Ogni giorno la cronaca parla di tanti atti brutali e ci si chiede spesso: “Ma come è possibile? Ma come si fa a fare una cosa del genere?” Adolescenti che si uccidono tra di loro, ragazzini che danno fuoco a un vecchio ridendoci sopra (Kubrick nel film “Arancia Meccanica” aveva previsto tutto), criminali che uccidono per poche centinaia di euro,  atti omofobici o di bullismo estremo, vicini di casa che si picchiano o si ammazzano per sciocchezze, ma anche semplicemente risse o accoltellamenti per un parcheggio conteso o un segnale di stop non rispettato.

Cose del genere avvengono anche a causa del fatto che queste persone, bambini, adolescenti o adulti, hanno gravi deficit di empatia, non riconoscono le emozioni negli altri e quindi non hanno idea delle conseguenze che le  loro azioni possono avere sugli altri. Agiscono in preda ad uno shock emozionale senza comprendere cosa sta accadendo, cosa accadrà dopo e senza avere un’idea della sofferenza che arrecheranno. E’ lo stesso processo mentale che ha luogo nei bulli, negli stalker, nei violenti, nei narcisisti incalliti, nei criminali o nei serial killer. Si attiva un sistema molto primitivo, primordiale, “rettiliano”, (zone del cervello differenti)  mentre la consapevolezza emotiva è assente o poco attivata.

L’empatia, ovvero la capacità di riconoscere e comprendere le emozioni, è un’abilita che viene appresa nei primi anni di vita grazie agli scambi affettivi coi genitori. Anche molti animali ce l’hanno.
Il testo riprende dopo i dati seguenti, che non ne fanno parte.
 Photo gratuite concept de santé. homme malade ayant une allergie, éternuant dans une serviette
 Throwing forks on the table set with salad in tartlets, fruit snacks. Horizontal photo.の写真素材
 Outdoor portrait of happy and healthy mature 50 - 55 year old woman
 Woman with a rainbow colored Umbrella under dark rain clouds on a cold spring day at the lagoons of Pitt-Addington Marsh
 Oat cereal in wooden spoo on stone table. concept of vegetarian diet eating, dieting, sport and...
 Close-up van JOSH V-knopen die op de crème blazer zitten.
Genitori freddi, distanti, ostili o anche troppo accondiscendenti, troppo centrati su se stessi e sui propri desideri o bisogni, non consentono al bambino di sperimentare o di elaborare emozioni negative come la tristezza, la rabbia, la sofferenza, la frustrazione o la paura.

Ma soprattutto questi bambini acquisiscono ed interiorizzano il modello genitoriale che dice che la tristezza, la vergogna, il senso di colpa, la paura, la pena, la pietà, eccetera non vanno bene, il messaggio implicito è: “se provi queste emozioni e le manifesti allora sei debole, sbagliato, scarso, inadeguato, fesso”.
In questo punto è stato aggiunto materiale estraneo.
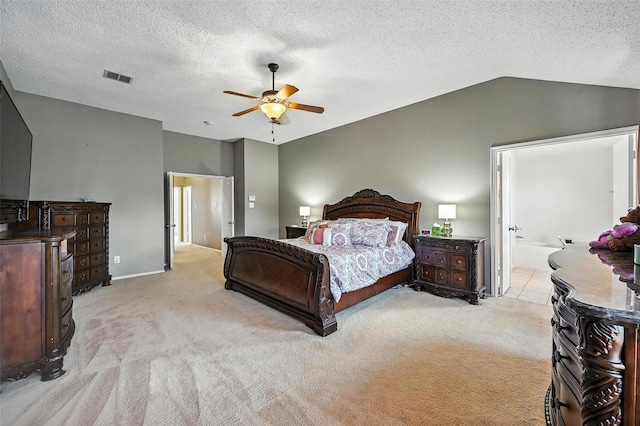 1906 Walnut Hills Ln, Mansfield, TX 76063 - bedroom featuring light carpet, lofted ceiling, ceiling fan, a textured ceiling, and ensuite bathroom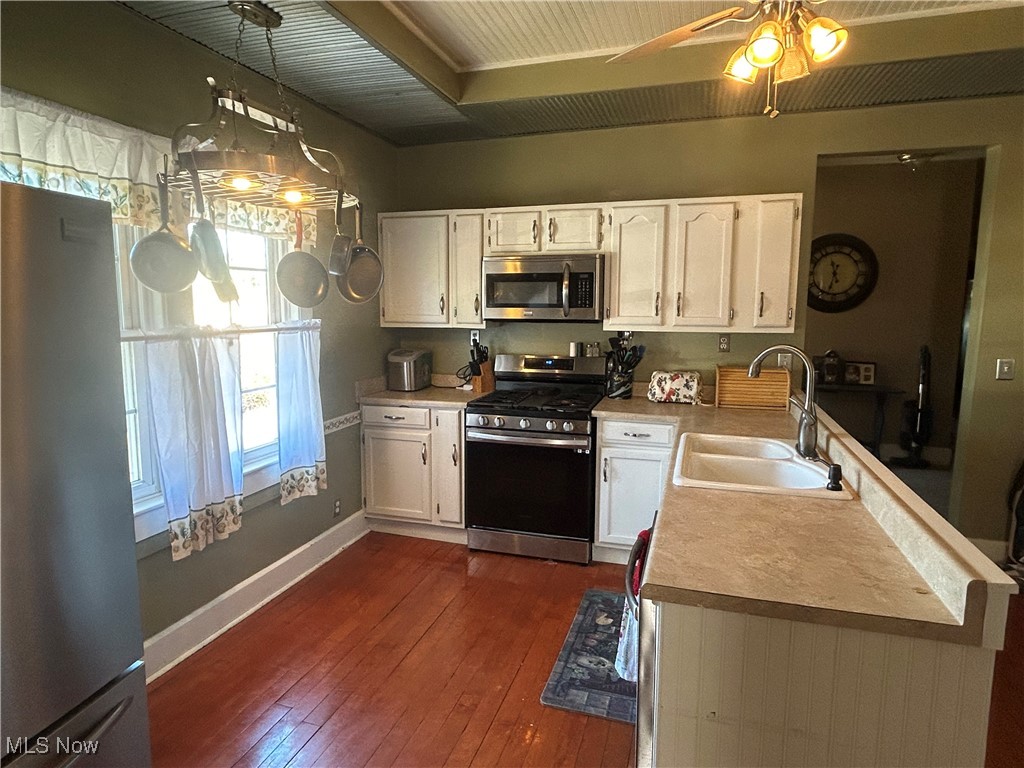 150 West Athens Road Roseville, OH 43777 - Photo 6 of 17 Kitchen with white cabinets, stainless steel appliances, dark wood-style floors, light countertops, and ceiling fan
I genitori sono i primi a non farlo, sono superficiali, non si sforzano di comprendere cosa passa nella testa dei figli, non si chiedono cosa provano i figli ma nemmeno loro stessi.  I figli apprendono imitando i genitori,  se queste persone non hanno le capacità di riconoscere e di esprimere le proprie emozioni come possono leggere quelle degli altri? Essi non leggono la sofferenza nei volti degli altri, non capiscono che l’altro sta soffrendo, non ci riescono, non ne hanno la capacità, per loro è come leggere un libro in una lingua sconosciuta.  
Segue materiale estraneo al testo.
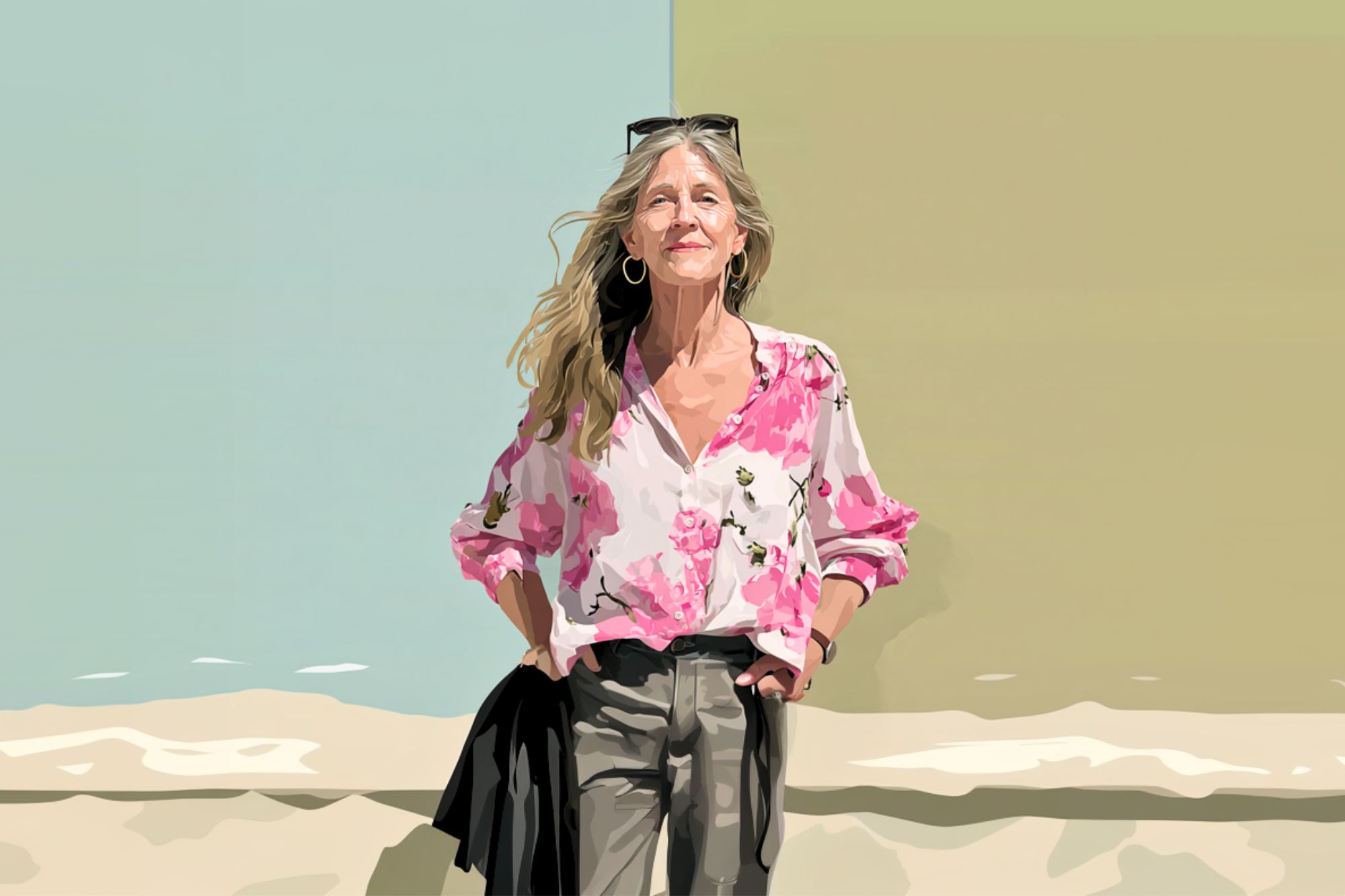 A woman with long blonde hair stands smiling in front of a split pastel background, wearing a pink floral blouse, gray pants, and sunglasses on her head. Her hands are in her pockets.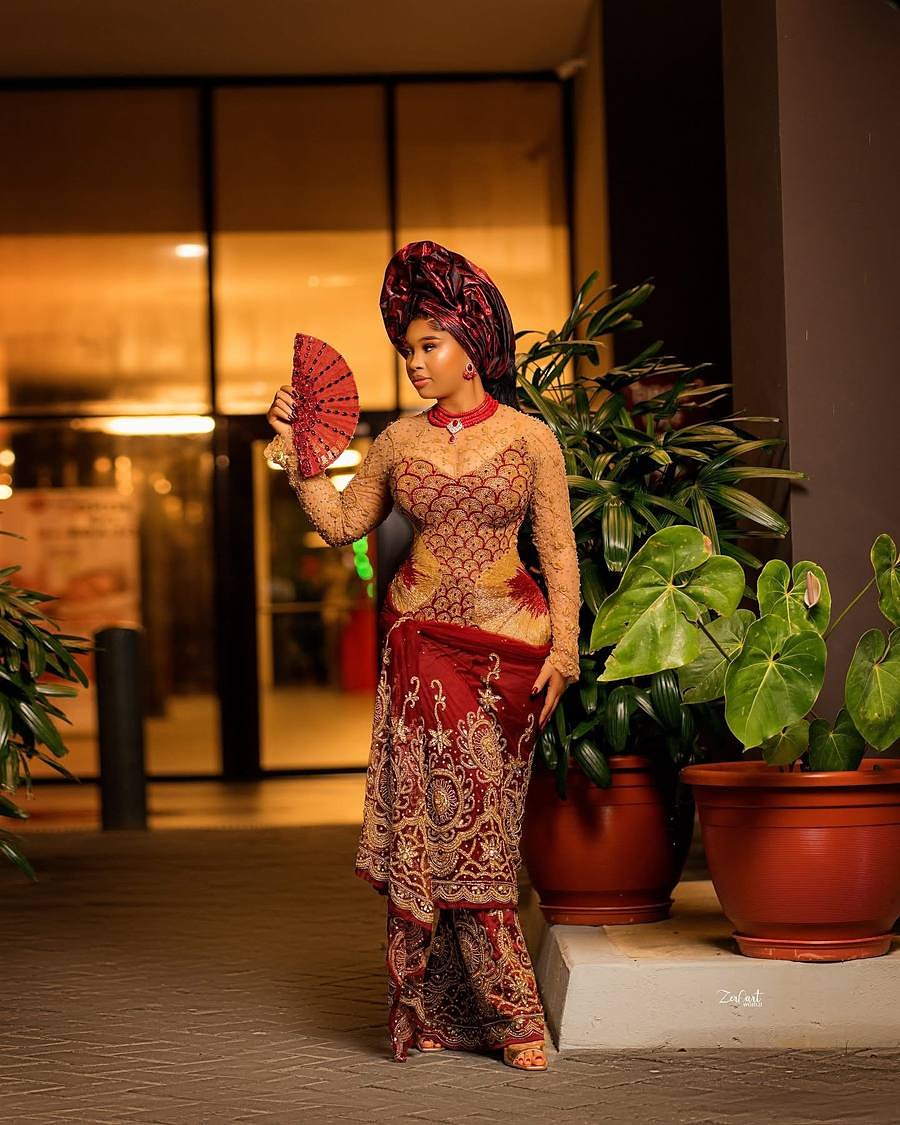 Sovereign Red, coral-toned traditional ceremonial ensemble with hand fan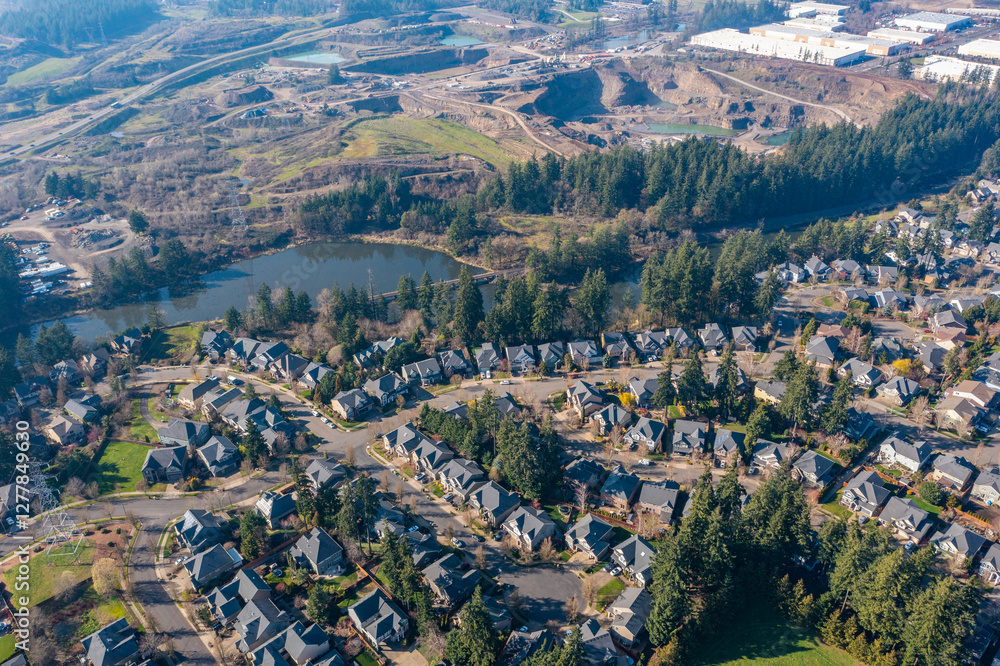 Naklejka premium Aerial drone view of a residential neighborhood in Tualatin, OR, featuring a small lake, tree-lined streets, modern suburban homes, a train track bridge crossing over the water in a peaceful setting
In realtà non c’è niente di male a provare paura o tristezza, spesso però i genitori minimizzano queste emozioni nei loro figli (“non piangere, non aver paura, sei cattivo, non essere stupido, sii forte, ecc.”), oppure non le vogliono, o non sono capaci di riconoscerle.

Non c’è niente di male neanche se a provare emozioni è un’altra persona, invece spesso chi lo fa, è visto come una persona difettosa, debole, inferiore o diversa dai suoi simili.

In casi più estremi, nei figli di genitori violenti o abusanti, avviene una cosa diversa, in questi casi il bambino impara che la violenza o l’abuso, il tiranneggiare, siano le uniche forme di accudimento e gli unici modi che la persona conosce per entrare in contatto con gli altri. E’ una modalità di attaccamento perversa ma è pur sempre una modalità di contatto, l’uomo è un animale sociale e ne ha bisogno. Dato che la violenza è l’unico tipo di attenzione che lui ha ricevuto, la replica, anche in questo caso lui non sa fare altro.

La famiglia e la scuola dovrebbero allenare i bambini a identificare, accettare e tollerare le proprie emozioni, anche quelle negative, comprenderle e ascoltarle,  a sviluppare empatia e cooperazione con gli altri, invece i genitori vogliono figli assolutamente “superfighi”, superdotati o a loro immagine, mentre invece la scuola vuole completare i programmi senza troppi ostacoli o troppe seccature.